28 settembre 2012 11:11

C’è un lato positivo nella crisi finanziaria che ha colpito Ha’aretz, il quotidiano israeliano per cui lavoro da 23 anni: noi giornalisti abbiamo finalmente cominciato a conoscerci e ad abbinare le facce ai nomi. Un paio di anni fa alcuni cronisti e redattori di Ha’aretz hanno creato un nuovo comitato di redazione, molto agguerrito, che ha sostituito un organismo antiquato e inefficace.

Le assemblee hanno riunito persone che si conoscevano solo di nome, e spesso neanche quello. Sabato scorso uno sciopero di due ore e mezza con manifestazione davanti all’edificio della redazione è stato un ulteriore passo avanti verso la creazione di un organismo collettivo, dove prima c’erano solo individui isolati. È stata la seconda iniziativa del genere nel giro di un mese.

Oggi il nostro collettivo di circa quattrocento lavoratori rischia di perdere un quarto degli iscritti: di recente la proprietà ha infatti annunciato di voler licenziare circa cento persone.

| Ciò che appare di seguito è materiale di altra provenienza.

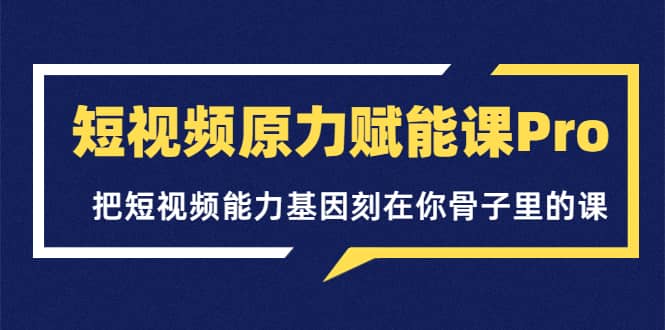 短视频原力赋能课Pro，把短视频能力基因刻在你骨子里的课（价值4999元）-知创网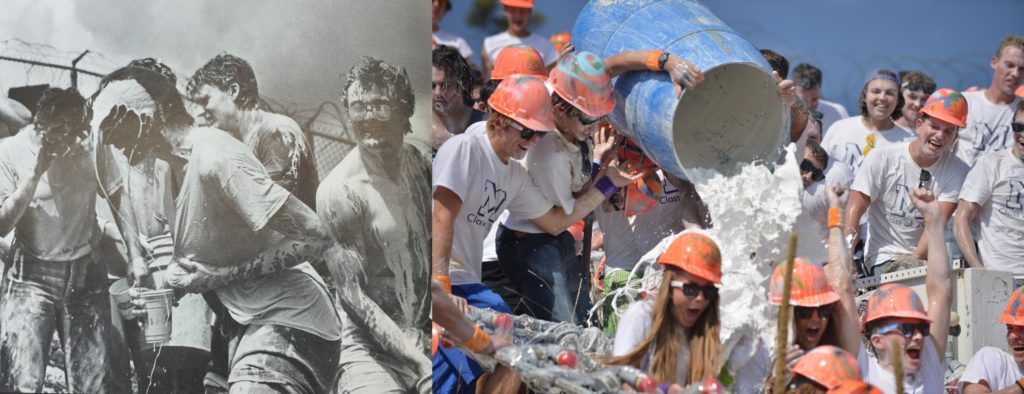 Two photos side by side, one a black and white image of former Mines students getting covered with whitewash during the M Climb and the other a photo of current Mines students getting whitewash poured on their heads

Alla base della crisi ci sono motivi universali come la migrazione degli inserzionisti verso internet e la crescita delle testate online, ma anche il boicottaggio pubblicitario di un magnate israeliano e l’avvento di un quotidiano gratuito competitivo, Israel Hayom (Israele oggi), finanziato dal miliardario israelo-americano Sheldon Adelson, che si è arricchito con i casinò.

Come molti di voi immagineranno, la linea editoriale di Israel Hayom è estremamente ossequiosa nei confronti di Benjamin Netanyahu e della sua politica. Sia Adelson sia Netanyahu (che ha studiato negli Stati Uniti) sono ferventi repubblicani, nell’accezione più americana del termine. Come se non bastasse, più di un anno fa il suddetto magnate ha comprato un altro quotidiano, Maariv, con l’obiettivo dichiarato di distruggere Ha’aretz. Oggi il nostro giornale è in bancarotta e i dipendenti stanno conducendo una battaglia eroica per ottenere almeno il rispetto dei loro diritti sociali.

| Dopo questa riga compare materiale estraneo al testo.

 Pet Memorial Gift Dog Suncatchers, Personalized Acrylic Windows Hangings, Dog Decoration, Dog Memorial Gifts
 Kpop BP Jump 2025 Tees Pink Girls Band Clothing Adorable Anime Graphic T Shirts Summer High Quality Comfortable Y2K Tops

Il nostro comitato ha presentato un’infinità di proposte per risparmiare sulle spese e aumentare le entrate, convinto che la crisi non sia irreversibile. Il nostro slogan è “non c’è giornale senza giornalisti”. Un secondo slogan, “non c’è un altro Ha’aretz”, cita la canzone popolare

Non ho un’altra terra (Ha’aretz in ebraico significa terra).

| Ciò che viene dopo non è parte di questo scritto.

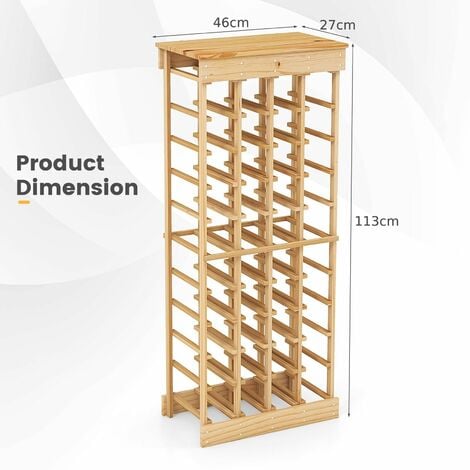 40 Bottles Storage Wine Rack Freestanding Pine Wood Display Shelf Wine ...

La spada di Damocle che pende sulle nostre teste non minaccia soltanto le nostre carriere e i nostri stipendi. È anche un pericolo serio per una delle ultime riserve di democrazia in Israele. Ha’aretz è l’unico quotidiano che osa sfidare il potere, e la sua scomparsa faciliterebbe la diffusione dei modi di pensare più arroganti e ottusi.